### Directions for this task
Only these lines, please: the first one of the records through the one containing "难得一见！太壮观！摄影师印度洋冒险拍摄座头鲸", retyped exactly, both ends included and pictures omitted.
--- Record excerpts Enclosed Below ---
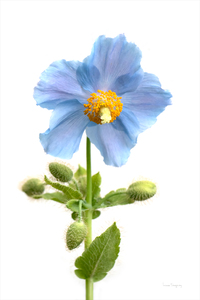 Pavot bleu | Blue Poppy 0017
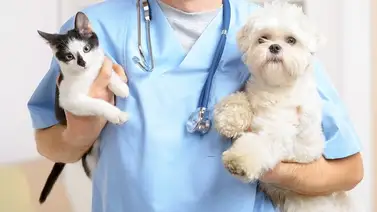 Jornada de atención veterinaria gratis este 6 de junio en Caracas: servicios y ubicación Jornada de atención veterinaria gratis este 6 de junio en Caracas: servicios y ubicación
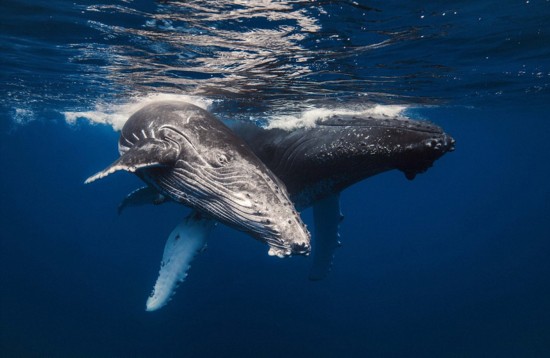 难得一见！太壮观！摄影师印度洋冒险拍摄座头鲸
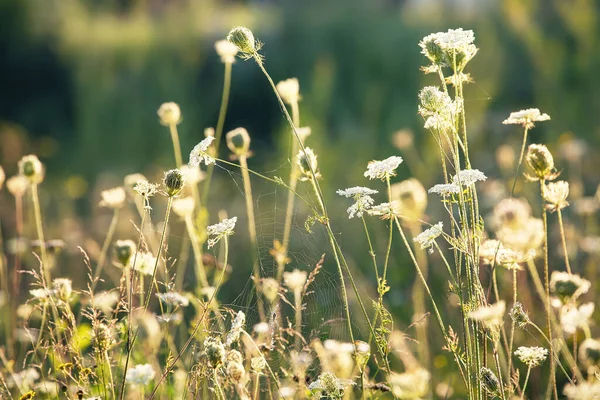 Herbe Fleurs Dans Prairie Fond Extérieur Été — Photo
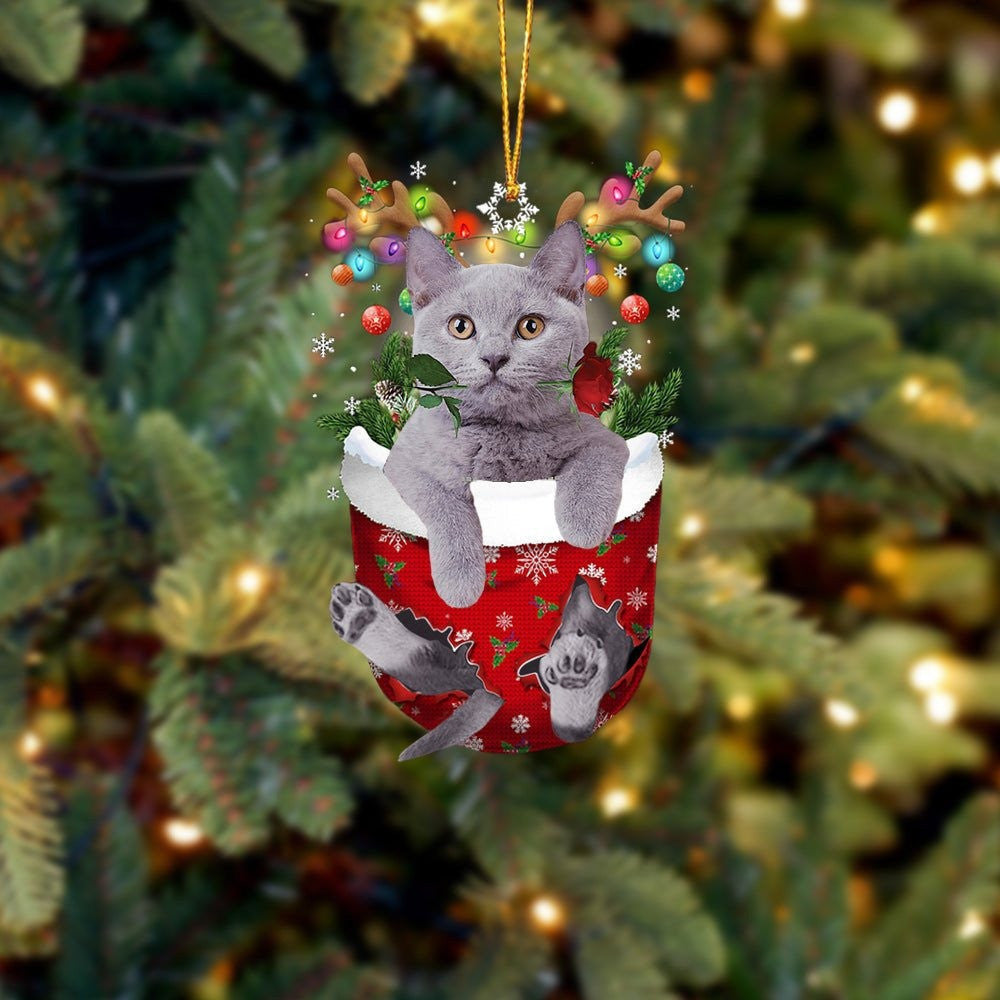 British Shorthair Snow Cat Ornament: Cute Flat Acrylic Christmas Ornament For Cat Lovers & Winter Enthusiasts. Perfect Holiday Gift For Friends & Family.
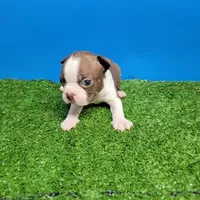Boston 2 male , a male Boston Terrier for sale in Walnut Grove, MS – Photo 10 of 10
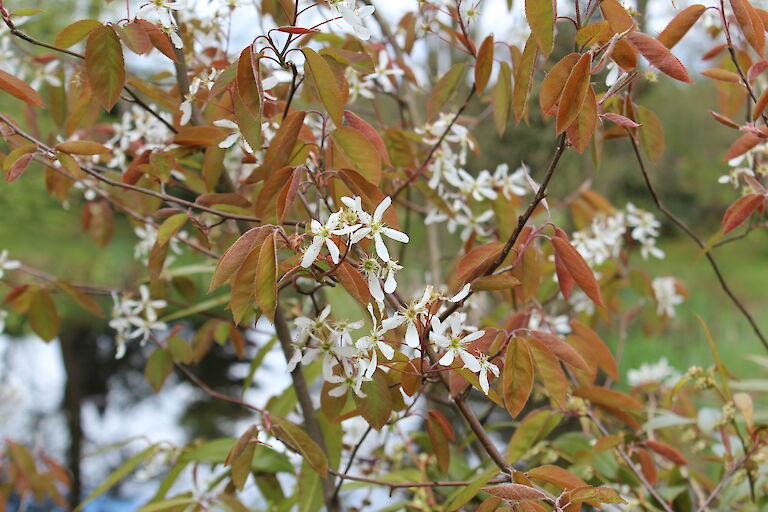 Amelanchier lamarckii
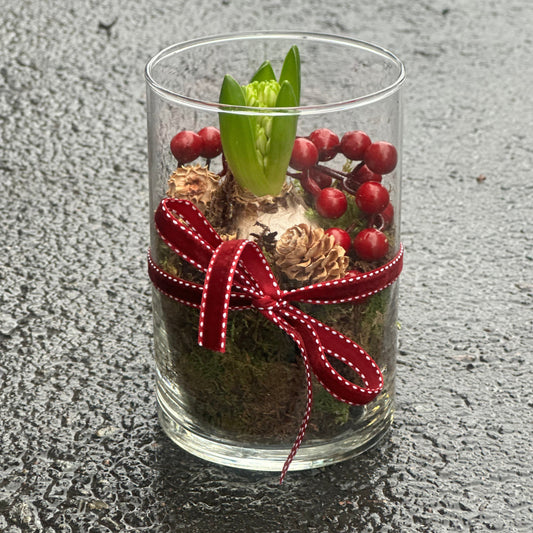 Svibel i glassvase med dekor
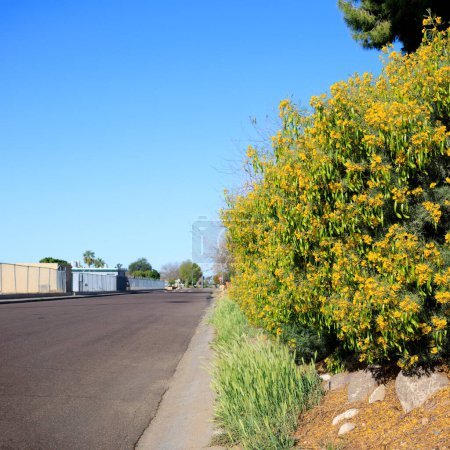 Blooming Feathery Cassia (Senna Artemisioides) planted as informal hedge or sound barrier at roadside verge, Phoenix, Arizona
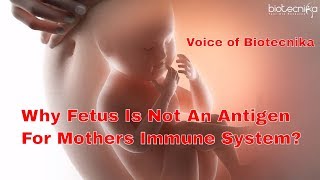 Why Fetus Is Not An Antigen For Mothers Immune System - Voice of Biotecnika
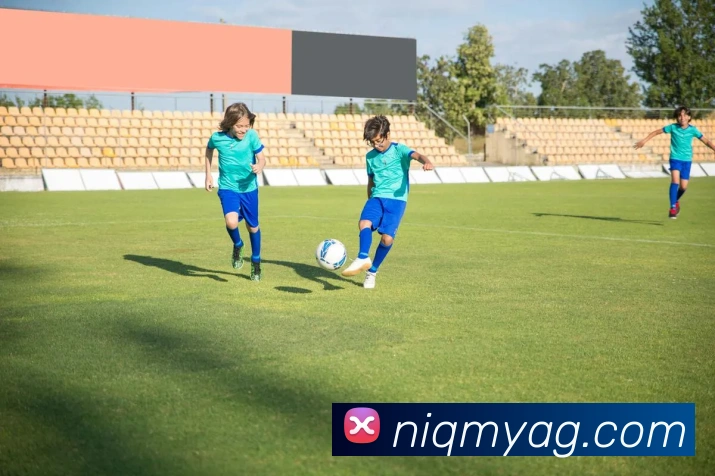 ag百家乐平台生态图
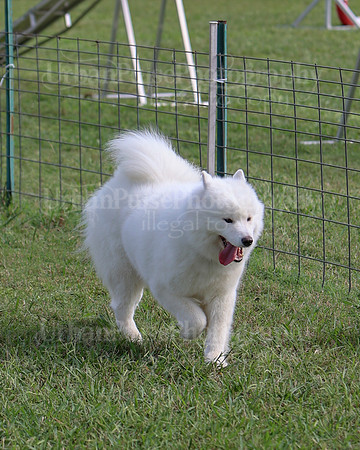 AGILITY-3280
--- End of Enclosed Record excerpts ---
### Task result
 Pavot bleu | Blue Poppy 0017
 Jornada de atención veterinaria gratis este 6 de junio en Caracas: servicios y ubicación Jornada de atención veterinaria gratis este 6 de junio en Caracas: servicios y ubicación
 难得一见！太壮观！摄影师印度洋冒险拍摄座头鲸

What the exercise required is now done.